Florizel The son of Polixenes; Prince of Bohemia. A brash and high-spirited young man, he is willing to throw away all responsibilities, loyalty, and filial love in exchange for the chance to live with and love Perdita. Because he listens to Camillo and cares about Perdita, he is able to emerge from his ardent, youthful fantasy without destroying anyone. But he is tempted by headstrong emotions, a key to his character that is, he is capable of being selfish and self-centered.
Archidamus A lord of Bohemia who plays no further role after he has described the barrenness of Bohemia in the opening scene.
Old Shepherd The shepherd who finds and raises Perdita. For some reason, he has no name. Although he does appropriate the gold that was left with his foundling "daughter," he otherwise seems to raise Perdita in a fair and nurturing atmosphere. For instance, no character is aware of any different treatment or attitude toward his "real" child and his "foster" child.
Clown The son of the old shepherd also exists without a name. Identified only as the traditional clown role that he fills in the play, the character is developed enough to be a remarkable favorite for generations of audiences.
Autolycus Another favorite character from this play. A rogue who had once served Prince Florizel, he lives and delights by his wits. He plays a minor but key role in the final reconciliation; and when the goodhearted clown promises to reward Autolycus, the groundwork is prepared for our feeling that rewarding the rogue is more just than punishing him for his earlier thievery.
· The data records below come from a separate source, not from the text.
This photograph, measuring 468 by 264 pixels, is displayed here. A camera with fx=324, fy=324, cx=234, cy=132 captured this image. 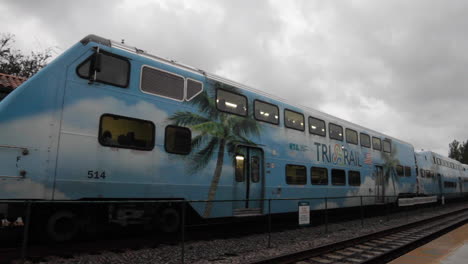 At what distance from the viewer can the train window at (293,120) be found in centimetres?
1202

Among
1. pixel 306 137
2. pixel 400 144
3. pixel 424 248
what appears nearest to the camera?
pixel 424 248

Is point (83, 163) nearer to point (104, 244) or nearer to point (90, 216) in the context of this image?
point (90, 216)

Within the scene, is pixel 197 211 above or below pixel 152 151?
below

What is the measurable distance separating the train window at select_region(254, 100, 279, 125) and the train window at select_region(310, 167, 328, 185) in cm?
271

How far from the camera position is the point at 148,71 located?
324 inches

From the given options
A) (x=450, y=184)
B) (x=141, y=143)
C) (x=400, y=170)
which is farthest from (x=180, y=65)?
(x=450, y=184)

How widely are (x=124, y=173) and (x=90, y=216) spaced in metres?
1.17

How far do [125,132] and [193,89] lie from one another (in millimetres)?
2466

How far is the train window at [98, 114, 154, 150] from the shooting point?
282 inches

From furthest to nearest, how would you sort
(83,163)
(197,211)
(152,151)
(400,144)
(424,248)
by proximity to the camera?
(400,144) → (424,248) → (197,211) → (152,151) → (83,163)

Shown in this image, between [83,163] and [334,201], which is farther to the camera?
[334,201]

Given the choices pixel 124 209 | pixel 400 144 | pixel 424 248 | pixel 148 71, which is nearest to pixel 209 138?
pixel 148 71

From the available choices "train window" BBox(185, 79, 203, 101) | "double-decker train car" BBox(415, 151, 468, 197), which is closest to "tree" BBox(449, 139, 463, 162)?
"double-decker train car" BBox(415, 151, 468, 197)

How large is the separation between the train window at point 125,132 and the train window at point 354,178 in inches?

A Mariner He exists long enough to transport Perdita to Bohemia, regret his actions, and die in a storm.
Hermione Queen of Sicilia; the wife of Leontes. Russian by birth, this character is an unbelievably pure combination of virtues, including a sufficiently patient optimism that sustains her through sixteen years while she hides and waits for the right moment to rejoin her repentant husband. She never utters a sigh or a word of remonstrance about the loss of her children or her freedom after she forgives Leontes.
Perdita The daughter of Leontes and Hermione; Princess of Sicilia; later, the wife of Florizel, and Princess of Bohemia. Without any environmental influence, she grows up with a quality of royalty being one of her most innate traits and with an uncanny resemblance to her mother in behavior as well as appearance. Her outstanding virtue is common sense, which Florizel needs from their union more than he ever seems to realize. This quality is also used effectively to bring authenticity to a character who would otherwise be only two-dimensional.
Paulina Wife, then widow of Antigonus. A loyal lady-in-waiting to Hermione, she voices the conscience of Leontes in an irritating and scolding tone. But she is unarguably diligent and, therefore, she deserves her final reward of marriage to the good Camillo.
Emilia Another attendant of Hermione.
Mopsa and Dorcas Two shepherdesses who dramatize the role models for young women of their social level; they fail to sway Perdita from her natural inclinations toward graciousness and gentility.
Chorus The Chorus makes a mid-plot appearance in order to provide an exposition of the interim of sixteen years.